CimSyntaxGen contains executable code and external libraries, requiring security measures. We use static code scanning and dependency tracking to identify vulnerabilities, which are logged in Jira: CimSyntaxGen Jira Board

If you identify any potential or confirmed security vulnerability in the CimSyntaxGen repository, please report it privately to the CIM Working Group (WG) maintainers via email at cim@entsoe.eu

In your email:

• Provide your name, company, and contact information.
• Include detailed steps to reproduce the issue and describe its potential impact.

To assess the severity of the vulnerability, you may refer to the Apache severity rating scale for guidance.

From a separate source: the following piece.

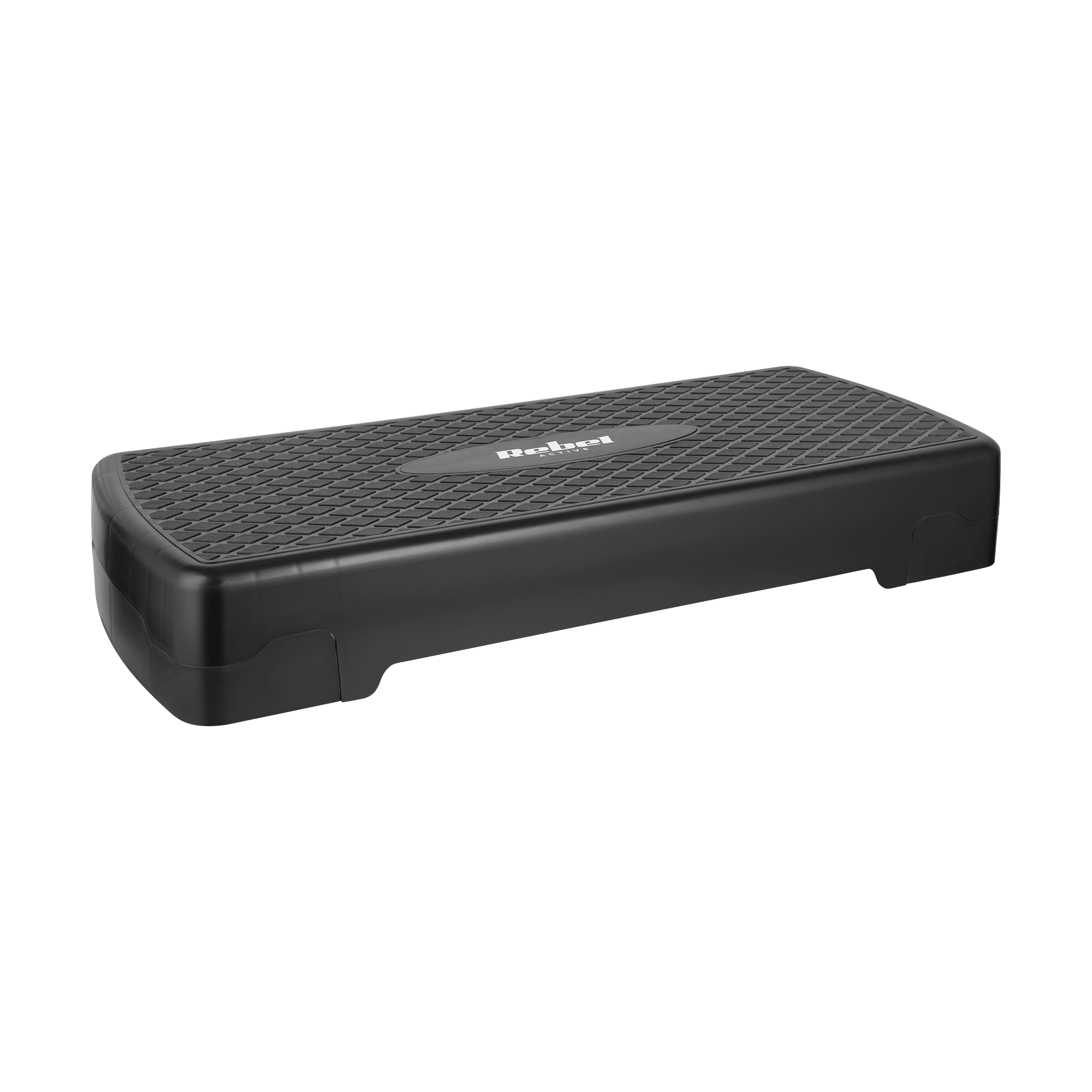 Степ-платформа REBEL ACTIVE RBA-3227-BK 3 рівні, 68 см, чорний - Зображення 3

• You will receive an acknowledgment of your report within 5 working days.
• If the issue is validated as a security vulnerability, the repository users will be informed, and appropriate action will be taken:
  • Critical and important vulnerabilities will be resolved within 30 calendar days.
  • Moderate or low-severity issues will be addressed in the next planned release.

Please report vulnerabilities in the following scenarios:

• When you believe the CimSyntaxGen repository may have been tampered with.
• When you suspect a security vulnerability but are unsure of its potential impact.

To maintain the security and integrity of CimSyntaxGen, the following controls are in place:

1. Static Code Scanning & Dependency Tracking

• Code is continuously scanned for vulnerabilities using automated security tools.
• External dependencies are monitored and updated to address security risks.

2. Access Control

• Only authorized maintainers have write access.
• Multi-factor authentication (MFA) is enforced for all maintainers.

3. Change Validation & Vulnerability Management

• All pull requests must be reviewed and approved by at least one maintainer.
• Identified vulnerabilities are logged in Jira and assigned for resolution.

4. Audit & Monitoring

• GitHub audit logs are reviewed periodically to track changes and access.
• Alerts are configured for unauthorized access attempts or suspicious activity.

The ENTSO-E governance process ensures that repository integrity is maintained:

• Only maintainers may merge pull requests.
• Maintainers are experienced developers vetted by the ENTSO-E CIM Working Group.
• The approval process ensures that all changes are thoroughly reviewed for integrity and security before integration.

CimSyntaxGen is classified as a Level 1 application, meaning no penetration testing or additional threat modelling is required. Instead, security is maintained through continuous monitoring, scanning, and governance controls to ensure the integrity and safety of the application.